Firefox's source code is open source, tri-licensed under the Mozilla Public License (MPL), GNU General Public License (GPL), and the GNU Lesser General Public License (LGPL). These licenses permit anyone to view, modify and/or redistribute the source code, and several publicly-released applications have been built on it; for example, Netscape, Flock and Songbird make use of code from Firefox.
The official end-user builds of Firefox distributed from mozilla.com are licensed under the Mozilla EULA. Several elements do not fall under the scope of the tri-license and have their use restricted by the EULA, including the trademarked Firefox name and artwork, and the proprietary Talkback crash reporter. Because of this and the clickwrap agreement included in the Windows version, the Free Software Foundation (FSF) consider these builds proprietary software.

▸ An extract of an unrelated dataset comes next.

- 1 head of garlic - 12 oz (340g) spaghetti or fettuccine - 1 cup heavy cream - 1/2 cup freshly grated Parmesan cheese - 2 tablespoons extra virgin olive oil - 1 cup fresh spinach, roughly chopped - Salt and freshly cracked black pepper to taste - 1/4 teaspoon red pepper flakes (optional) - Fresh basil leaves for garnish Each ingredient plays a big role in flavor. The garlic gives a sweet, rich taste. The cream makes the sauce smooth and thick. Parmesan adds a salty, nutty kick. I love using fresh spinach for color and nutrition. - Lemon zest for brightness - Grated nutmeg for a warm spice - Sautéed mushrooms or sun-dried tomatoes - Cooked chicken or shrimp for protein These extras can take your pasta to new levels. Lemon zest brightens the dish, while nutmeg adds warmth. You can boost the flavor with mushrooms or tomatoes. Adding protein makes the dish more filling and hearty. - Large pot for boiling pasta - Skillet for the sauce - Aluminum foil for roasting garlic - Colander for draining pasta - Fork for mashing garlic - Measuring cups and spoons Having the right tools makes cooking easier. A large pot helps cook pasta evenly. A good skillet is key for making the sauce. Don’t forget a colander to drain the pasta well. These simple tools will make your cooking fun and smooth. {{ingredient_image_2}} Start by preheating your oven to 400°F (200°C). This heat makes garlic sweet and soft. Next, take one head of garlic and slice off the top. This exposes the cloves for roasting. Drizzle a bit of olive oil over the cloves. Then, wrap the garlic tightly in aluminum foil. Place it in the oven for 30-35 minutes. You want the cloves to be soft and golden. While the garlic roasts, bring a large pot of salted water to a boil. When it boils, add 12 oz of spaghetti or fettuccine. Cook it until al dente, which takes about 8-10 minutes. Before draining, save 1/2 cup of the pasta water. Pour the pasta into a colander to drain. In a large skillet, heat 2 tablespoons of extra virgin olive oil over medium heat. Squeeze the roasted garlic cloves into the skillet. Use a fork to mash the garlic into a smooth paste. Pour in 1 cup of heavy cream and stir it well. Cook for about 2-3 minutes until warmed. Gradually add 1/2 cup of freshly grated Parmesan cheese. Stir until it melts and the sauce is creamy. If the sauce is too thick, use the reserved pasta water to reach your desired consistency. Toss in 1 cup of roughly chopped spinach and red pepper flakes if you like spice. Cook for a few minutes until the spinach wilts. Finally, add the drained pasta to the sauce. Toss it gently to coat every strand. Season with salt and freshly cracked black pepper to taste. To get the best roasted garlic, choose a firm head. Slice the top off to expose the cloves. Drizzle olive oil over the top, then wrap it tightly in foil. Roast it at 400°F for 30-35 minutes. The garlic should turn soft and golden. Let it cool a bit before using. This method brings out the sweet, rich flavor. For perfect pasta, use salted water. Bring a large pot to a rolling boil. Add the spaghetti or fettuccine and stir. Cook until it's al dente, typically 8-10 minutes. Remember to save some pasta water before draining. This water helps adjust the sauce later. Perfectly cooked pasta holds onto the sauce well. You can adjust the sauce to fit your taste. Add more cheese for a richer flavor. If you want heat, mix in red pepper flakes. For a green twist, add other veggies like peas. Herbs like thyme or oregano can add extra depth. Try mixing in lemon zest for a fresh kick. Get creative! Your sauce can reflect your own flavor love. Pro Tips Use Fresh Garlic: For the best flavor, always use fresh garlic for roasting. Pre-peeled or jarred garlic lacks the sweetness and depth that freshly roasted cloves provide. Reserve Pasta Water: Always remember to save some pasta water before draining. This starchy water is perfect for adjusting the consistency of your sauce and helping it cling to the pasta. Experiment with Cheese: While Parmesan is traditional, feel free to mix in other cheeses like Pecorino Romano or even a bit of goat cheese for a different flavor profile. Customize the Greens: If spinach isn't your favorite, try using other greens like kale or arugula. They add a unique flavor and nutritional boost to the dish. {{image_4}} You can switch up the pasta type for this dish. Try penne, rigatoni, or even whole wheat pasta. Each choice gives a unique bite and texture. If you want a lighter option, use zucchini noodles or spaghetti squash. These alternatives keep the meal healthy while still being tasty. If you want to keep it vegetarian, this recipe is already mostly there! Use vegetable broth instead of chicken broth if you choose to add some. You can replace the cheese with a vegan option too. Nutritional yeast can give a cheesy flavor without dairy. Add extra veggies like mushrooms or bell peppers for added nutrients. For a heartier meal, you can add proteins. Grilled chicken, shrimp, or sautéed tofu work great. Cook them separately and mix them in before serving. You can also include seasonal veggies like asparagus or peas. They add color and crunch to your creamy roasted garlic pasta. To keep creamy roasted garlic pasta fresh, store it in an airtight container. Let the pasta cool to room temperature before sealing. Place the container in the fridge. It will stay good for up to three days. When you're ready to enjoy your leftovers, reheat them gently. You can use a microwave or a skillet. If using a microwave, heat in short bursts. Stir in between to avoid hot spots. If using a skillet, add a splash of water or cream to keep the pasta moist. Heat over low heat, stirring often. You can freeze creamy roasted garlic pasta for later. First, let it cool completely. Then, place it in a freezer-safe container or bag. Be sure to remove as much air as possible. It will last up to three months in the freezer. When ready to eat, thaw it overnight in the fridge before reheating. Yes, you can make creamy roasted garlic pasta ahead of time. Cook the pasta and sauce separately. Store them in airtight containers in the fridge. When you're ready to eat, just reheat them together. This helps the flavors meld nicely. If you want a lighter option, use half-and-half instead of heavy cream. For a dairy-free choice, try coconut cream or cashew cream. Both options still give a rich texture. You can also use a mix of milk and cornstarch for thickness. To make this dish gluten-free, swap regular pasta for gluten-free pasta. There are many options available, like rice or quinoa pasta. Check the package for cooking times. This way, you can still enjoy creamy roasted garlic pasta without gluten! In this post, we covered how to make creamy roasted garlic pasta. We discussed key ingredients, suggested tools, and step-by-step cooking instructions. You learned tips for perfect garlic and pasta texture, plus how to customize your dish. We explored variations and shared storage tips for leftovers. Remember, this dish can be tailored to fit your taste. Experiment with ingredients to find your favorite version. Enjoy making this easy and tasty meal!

In the past, Firefox was licensed solely under the MPL, which the FSF criticizes for being weak copyleft; the license permits, in limited ways, proprietary derivative works. Additionally, code under the MPL cannot legally be linked with code under the GPL or the LGPL. To address these concerns, Mozilla re-licensed Firefox under the tri-license scheme of MPL, GPL, and LGPL. Since the re-licensing, developers have been free to choose the license under which they will receive the code, to suit their intended use: GPL or LGPL linking and derivative works when one of those licenses is chosen, or MPL use (including the possibility of proprietary derivative works) if they choose the MPL.